[ACTIVITY]: In the entries below, find the line with "Robbinsdale - Bookcase" and the line with "Mico-Sol Agaricus Blazei Bio 70 gélules". Reproduce those two lines and every line between them exactly, and nothing more.

[Records from a dataset]
┏━━
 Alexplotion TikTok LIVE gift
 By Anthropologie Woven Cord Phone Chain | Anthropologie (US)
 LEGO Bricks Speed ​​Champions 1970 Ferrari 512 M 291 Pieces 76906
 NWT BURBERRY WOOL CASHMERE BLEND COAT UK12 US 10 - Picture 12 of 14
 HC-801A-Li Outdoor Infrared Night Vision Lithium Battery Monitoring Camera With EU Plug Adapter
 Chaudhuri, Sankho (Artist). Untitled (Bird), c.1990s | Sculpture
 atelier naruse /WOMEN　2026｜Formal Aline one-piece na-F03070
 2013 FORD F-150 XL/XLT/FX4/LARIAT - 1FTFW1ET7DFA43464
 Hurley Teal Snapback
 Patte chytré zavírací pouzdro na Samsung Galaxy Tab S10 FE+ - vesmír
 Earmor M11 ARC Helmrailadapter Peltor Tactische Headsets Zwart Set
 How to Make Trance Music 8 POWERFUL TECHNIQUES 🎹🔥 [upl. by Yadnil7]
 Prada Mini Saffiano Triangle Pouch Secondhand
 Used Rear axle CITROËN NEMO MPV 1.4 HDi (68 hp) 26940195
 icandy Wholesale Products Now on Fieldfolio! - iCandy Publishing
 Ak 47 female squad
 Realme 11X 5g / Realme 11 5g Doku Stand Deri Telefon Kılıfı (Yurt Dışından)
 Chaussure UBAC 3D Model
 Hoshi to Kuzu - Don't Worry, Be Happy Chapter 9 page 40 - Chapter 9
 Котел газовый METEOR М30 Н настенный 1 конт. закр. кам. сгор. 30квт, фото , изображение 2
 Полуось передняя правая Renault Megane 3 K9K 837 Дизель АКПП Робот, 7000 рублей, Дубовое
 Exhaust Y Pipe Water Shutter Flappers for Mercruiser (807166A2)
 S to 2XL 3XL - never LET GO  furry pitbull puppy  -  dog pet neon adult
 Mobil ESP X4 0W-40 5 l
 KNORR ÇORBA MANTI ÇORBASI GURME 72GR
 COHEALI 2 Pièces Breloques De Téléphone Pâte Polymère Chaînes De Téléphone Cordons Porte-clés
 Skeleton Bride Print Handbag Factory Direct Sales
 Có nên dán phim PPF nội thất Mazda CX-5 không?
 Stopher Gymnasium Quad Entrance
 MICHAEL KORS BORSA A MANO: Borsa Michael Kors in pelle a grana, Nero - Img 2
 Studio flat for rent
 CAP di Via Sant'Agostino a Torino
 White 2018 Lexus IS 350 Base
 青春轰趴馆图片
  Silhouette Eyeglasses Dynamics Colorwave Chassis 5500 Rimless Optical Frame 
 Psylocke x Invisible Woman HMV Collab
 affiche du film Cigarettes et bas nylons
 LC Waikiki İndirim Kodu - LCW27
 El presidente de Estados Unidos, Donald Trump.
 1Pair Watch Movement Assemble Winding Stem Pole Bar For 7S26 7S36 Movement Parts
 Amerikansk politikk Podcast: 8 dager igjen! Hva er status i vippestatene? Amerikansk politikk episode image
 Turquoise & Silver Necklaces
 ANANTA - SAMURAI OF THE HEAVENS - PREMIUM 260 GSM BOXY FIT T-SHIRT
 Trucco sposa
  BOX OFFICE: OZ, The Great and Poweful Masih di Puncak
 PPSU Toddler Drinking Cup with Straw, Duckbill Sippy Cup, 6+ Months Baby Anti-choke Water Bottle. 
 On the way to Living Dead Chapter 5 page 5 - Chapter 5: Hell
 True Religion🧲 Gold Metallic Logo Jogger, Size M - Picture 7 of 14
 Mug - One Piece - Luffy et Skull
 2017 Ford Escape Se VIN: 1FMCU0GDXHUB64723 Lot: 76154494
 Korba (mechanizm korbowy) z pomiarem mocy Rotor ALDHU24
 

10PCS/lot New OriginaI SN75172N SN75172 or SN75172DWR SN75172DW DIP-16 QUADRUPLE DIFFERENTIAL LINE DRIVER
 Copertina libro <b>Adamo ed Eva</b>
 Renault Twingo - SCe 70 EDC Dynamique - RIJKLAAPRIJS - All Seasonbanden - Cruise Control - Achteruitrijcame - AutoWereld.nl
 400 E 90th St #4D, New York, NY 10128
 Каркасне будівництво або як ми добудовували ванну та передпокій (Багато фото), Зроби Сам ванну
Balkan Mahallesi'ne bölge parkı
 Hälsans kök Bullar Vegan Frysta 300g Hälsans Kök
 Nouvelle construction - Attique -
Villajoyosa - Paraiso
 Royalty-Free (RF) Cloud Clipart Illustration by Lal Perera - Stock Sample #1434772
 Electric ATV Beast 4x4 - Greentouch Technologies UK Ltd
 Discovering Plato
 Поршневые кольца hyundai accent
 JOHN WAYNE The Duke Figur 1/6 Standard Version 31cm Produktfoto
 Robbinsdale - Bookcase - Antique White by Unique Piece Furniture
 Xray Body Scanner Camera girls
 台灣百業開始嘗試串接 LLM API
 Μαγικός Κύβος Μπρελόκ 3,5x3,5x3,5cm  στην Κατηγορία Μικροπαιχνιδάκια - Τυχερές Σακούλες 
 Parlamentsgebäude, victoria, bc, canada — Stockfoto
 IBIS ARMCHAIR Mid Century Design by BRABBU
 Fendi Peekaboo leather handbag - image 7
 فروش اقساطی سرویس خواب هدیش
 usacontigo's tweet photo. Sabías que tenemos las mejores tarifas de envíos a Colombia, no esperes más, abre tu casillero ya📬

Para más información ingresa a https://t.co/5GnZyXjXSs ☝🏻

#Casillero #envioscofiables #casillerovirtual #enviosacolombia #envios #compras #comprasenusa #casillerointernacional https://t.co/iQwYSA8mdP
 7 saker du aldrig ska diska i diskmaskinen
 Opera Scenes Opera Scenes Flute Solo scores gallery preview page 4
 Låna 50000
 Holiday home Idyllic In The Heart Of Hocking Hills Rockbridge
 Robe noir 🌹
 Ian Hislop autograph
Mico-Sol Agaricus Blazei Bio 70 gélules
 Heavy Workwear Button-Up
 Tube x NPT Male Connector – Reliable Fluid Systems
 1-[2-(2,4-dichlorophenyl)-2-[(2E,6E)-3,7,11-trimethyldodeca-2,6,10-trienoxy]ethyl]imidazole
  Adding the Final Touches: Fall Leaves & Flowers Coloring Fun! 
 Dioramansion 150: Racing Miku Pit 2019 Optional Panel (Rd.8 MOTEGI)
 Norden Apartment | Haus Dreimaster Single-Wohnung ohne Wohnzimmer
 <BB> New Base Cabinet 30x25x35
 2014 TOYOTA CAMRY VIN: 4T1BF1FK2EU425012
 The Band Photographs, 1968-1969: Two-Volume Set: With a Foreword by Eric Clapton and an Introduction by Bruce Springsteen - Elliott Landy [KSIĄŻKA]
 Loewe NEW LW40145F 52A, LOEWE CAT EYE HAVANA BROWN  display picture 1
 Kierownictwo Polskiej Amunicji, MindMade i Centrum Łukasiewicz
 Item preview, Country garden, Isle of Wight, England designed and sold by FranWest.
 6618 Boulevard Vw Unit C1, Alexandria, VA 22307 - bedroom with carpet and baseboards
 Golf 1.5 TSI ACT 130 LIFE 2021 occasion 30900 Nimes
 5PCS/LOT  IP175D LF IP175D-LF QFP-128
┗━━
[TASK SOLUTION]:
 Robbinsdale - Bookcase - Antique White by Unique Piece Furniture
 Xray Body Scanner Camera girls
 台灣百業開始嘗試串接 LLM API
 Μαγικός Κύβος Μπρελόκ 3,5x3,5x3,5cm  στην Κατηγορία Μικροπαιχνιδάκια - Τυχερές Σακούλες 
 Parlamentsgebäude, victoria, bc, canada — Stockfoto
 IBIS ARMCHAIR Mid Century Design by BRABBU
 Fendi Peekaboo leather handbag - image 7
 فروش اقساطی سرویس خواب هدیش
 usacontigo's tweet photo. Sabías que tenemos las mejores tarifas de envíos a Colombia, no esperes más, abre tu casillero ya📬

Para más información ingresa a https://t.co/5GnZyXjXSs ☝🏻

#Casillero #envioscofiables #casillerovirtual #enviosacolombia #envios #compras #comprasenusa #casillerointernacional https://t.co/iQwYSA8mdP
 7 saker du aldrig ska diska i diskmaskinen
 Opera Scenes Opera Scenes Flute Solo scores gallery preview page 4
 Låna 50000
 Holiday home Idyllic In The Heart Of Hocking Hills Rockbridge
 Robe noir 🌹
 Ian Hislop autograph
Mico-Sol Agaricus Blazei Bio 70 gélules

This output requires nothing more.